CHAPTER
5: Control your emotions or get out of the fire
Clear your head. Your a
logical creature and your being forced down a path of emotion which
is not your natural realm. If you have to remove yourself from the
situation. A simple premise is if the person can not be reasoned with
your dealing with a fool. Do not let an idiot beat you up with their
experience. Not everything asked must be answered.
You spouse has an advantage
in the emotional realm. This is why they want to drive you into to
it. We can not always express and control our emotions well and it
comes out in unintended forms like anger (undeveloped emotion). All
they need is you to slip up and just even claim violence and your
ejected from your home. It also will made their case stronger to have
even more custody if you have children. So just don't.

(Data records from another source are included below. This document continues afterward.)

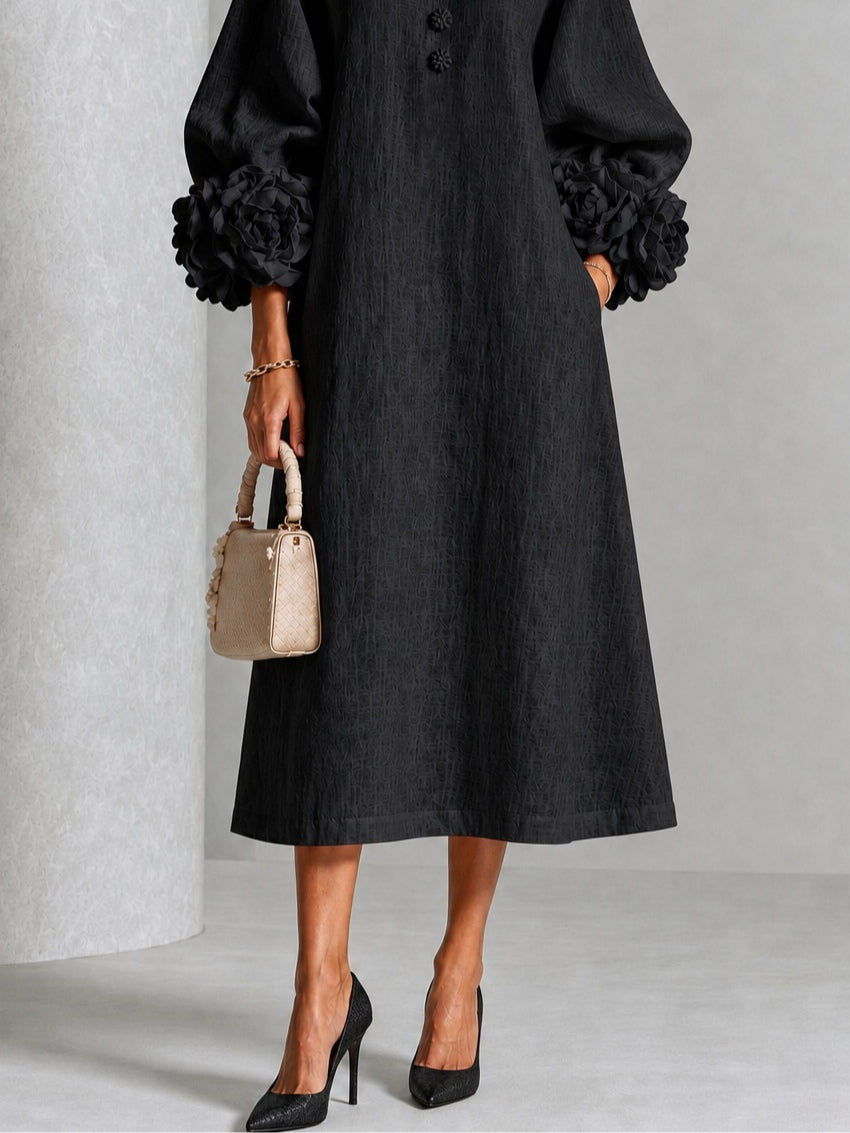 Isabea - Vestido negro con flor escultural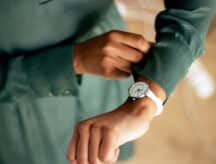 A closeup shot of a woman wearing a green shirt checking her watch.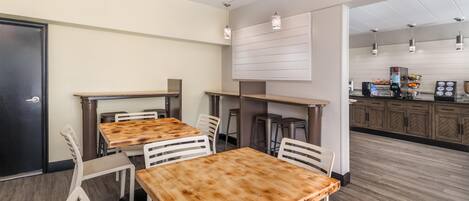Un interior moderno con mesas de madera y sillas blancas, una zona de kitchenette e iluminación colgante.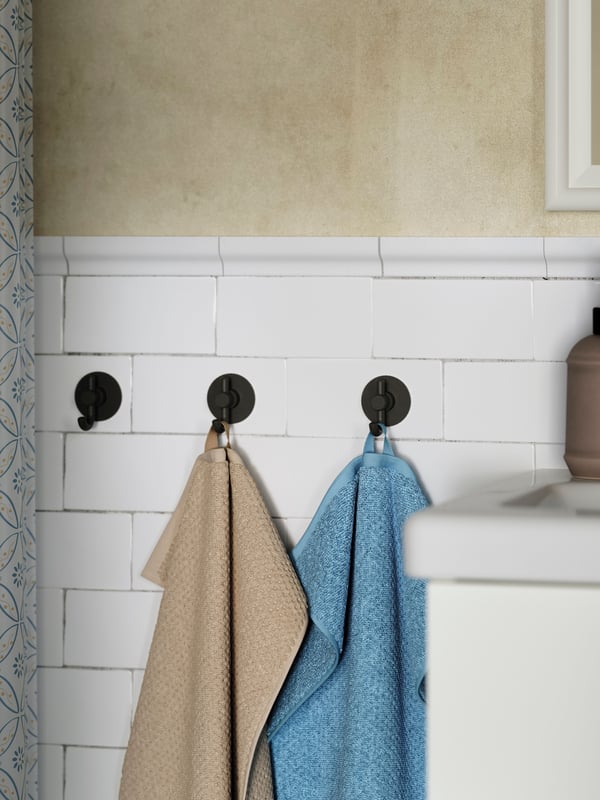 Une serviette d'invité GULVIAL beige dans la NA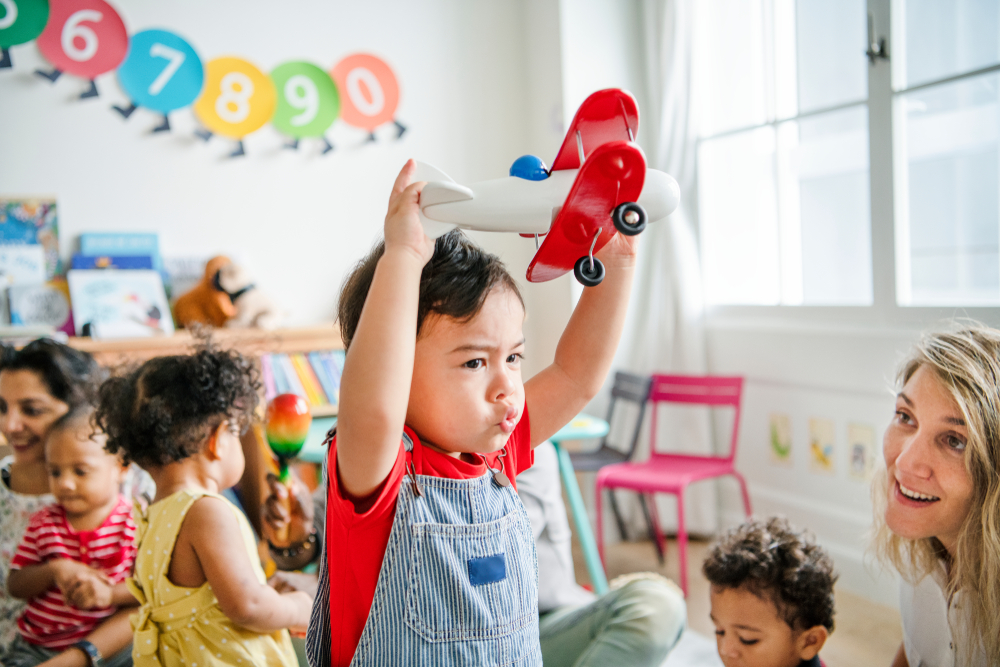 Child-Care-Guidelines: Toddler boy with short dark hair in denim overalls and red shirt holds red toy airplane above his head in playroom filled with other children and two teachers sitting on the floor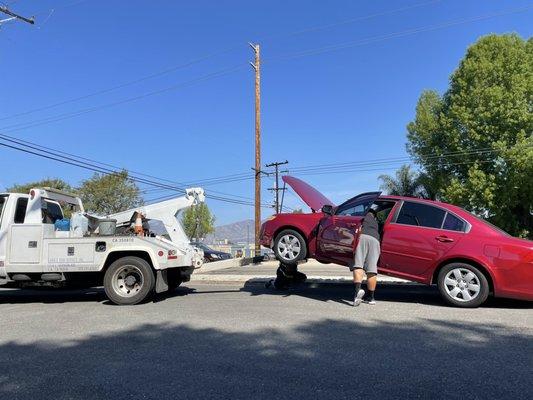 This is Kenny looking under the car trying to help me find the problem to my car!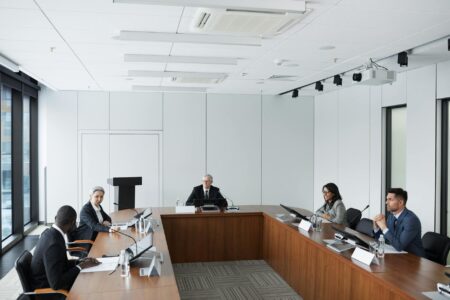 Professional using mobile device for business presentation demonstrating productivity benefits
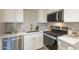 The modern kitchen features stainless steel appliances, white cabinets, and a stylish backsplash at 4901 S Calle Los Cerros Dr # 236, Tempe, AZ 85282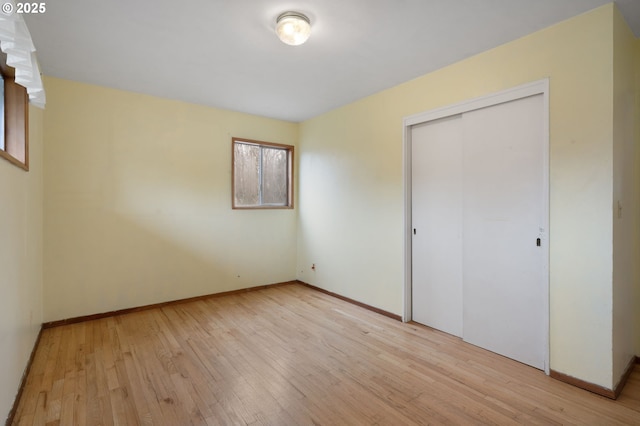 unfurnished bedroom featuring a closet, baseboards, and wood finished floors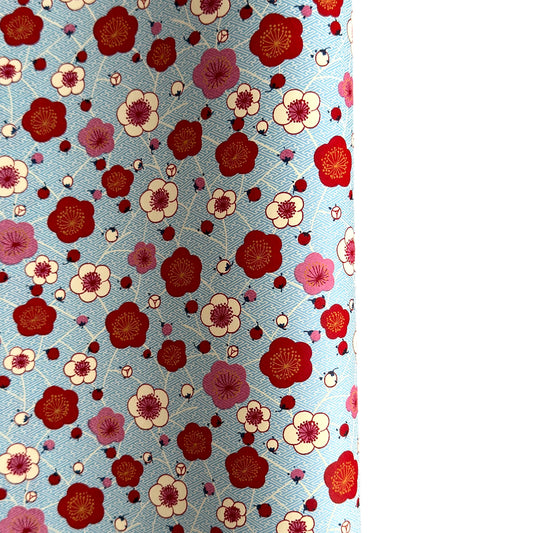 japanese silk-screen handmade paper showing red and pink plum flowers on a blue geometric backdrop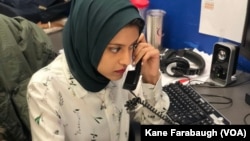 WHBF-TV Reporter Tahera Rahman works the phones to set up a potential news story.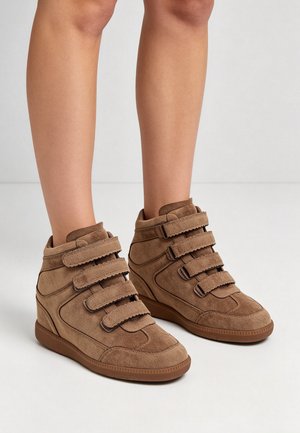 Baskets compensées en daim marron avec quatre sangles auto-agrippantes réglables, portées sur des jambes nues sur un fond clair uni.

Easily said don't respond,
but they are going to be trying very hard using everything they know
about you against you. What can you do? The answer is silence. You
can not get in trouble by remaining silent. Same methodology utilized
in counseling. You want to show they they are being irrational and
are uncontrolled. Give them as much rope as they need to hang
themselves. There own anger and bitterness will start to isolate them
from everyone that sees your struggle and stamina. This is truly he
high road. Now, if you have slipped off the high road. The answer is
ask for forgiveness make it formal. State that they also did things
that spurred it on, but you are willing to forgive if they are. Get
it in writing if you can. Not super detailed. Its more important to
have the understanding your spouse is not under any deres (like you
are harassing them or showed aggression anywhere near them or the
kids). In the eyes of he law you are a wild animal that if you show
any signs you should be put down.
It is not bad to have an
outlet. Ideally one with no string attached. The uninterested party
(not your best friend that is friends with your spouse or anyone that
knows your spouse), ask if you can sit down and explain what you are
seeing and you concerns. These need not be emotions, but emotions
most likely will be involved either way. It's a good sanity check to
make sure you know you not just out of touch with reality and making
something out of nothing. Pastors, trusted friends of the family,
family members that know you well ect... also work. Odds are they
will ask you if you have been able to somehow ask your spouse and
told them about your concerns. If you did and odds are you have
already. It was a fight, they did not listen to your concern and
voiced their own. They are thinking only of themselves.